28 warga di taman anjing lokal misalnya, menjadi "teman terbaik" dan dapat membuat jaringan untuk menjembatani hubungan yang berpusat di sekitar kesamaan kepemilikan hewan peliharaan. Sosiolog Carl L. Bankston dan Zhou Min (2004) berpendapat bahwa salah satu alasan modal sosial sangat sulit untuk diukur adalah bahwa hal itu bukanlah tingkat individu ataupun kelompok tingkat fenomena, tapi satu yang muncul di tingkat analisis sebagai individu berpartisipasi dalam kelompok.
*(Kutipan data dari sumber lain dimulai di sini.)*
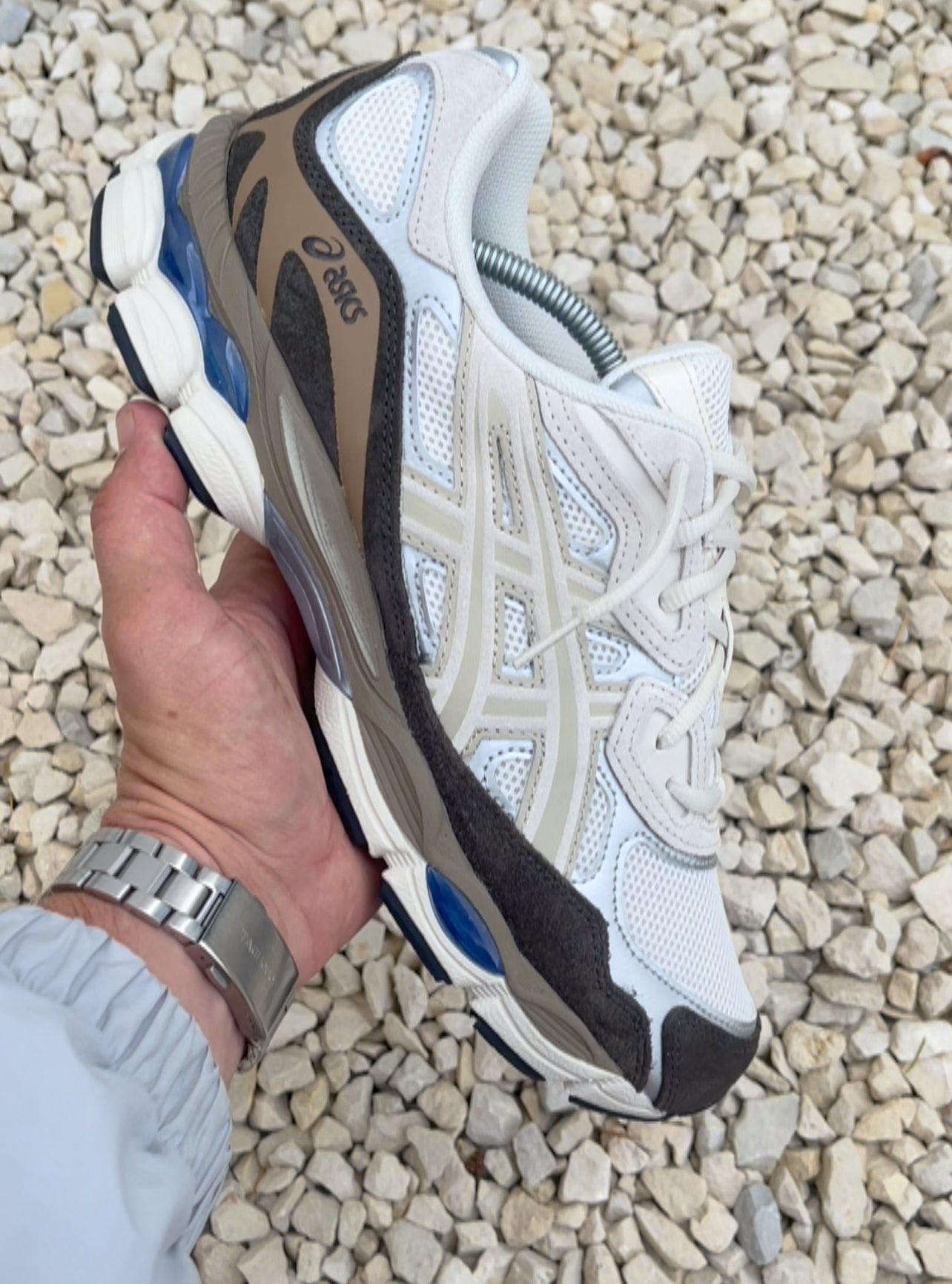 ASICS GEL-NYC CREAM/BROWN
Mereka berpendapat bahwa metafora "modal" bisa menyesatkan karena tidak seperti modal finansial, yang merupakan sumber daya yang dimiliki oleh seorang individu, manfaat dari bentuk organisasi sosial tidak dimiliki oleh aktor, tetapi hasil partisipasi aktor dalam advantageously terorganisir kelompok. Dari uraian dan pendapat ahli mengenai teknik mengukur modal sosial sebagaimana dijelaskan di atas, adalah merupakan tantangan tersendiri bagi kalangan ilmuwan/peneliti/akademisi dan perguruan tinggi untuk melakukan kajian/analisis lebih mendalam serta melakukan keberanian penetrasi hingga ditemukannya suatu cara bagaimana teknik mengukur modal sosial yang tepat, efisien dan efektif serta disepakati bersama guna kepentingan ilmu pengetahuan dimasa yang akan datang.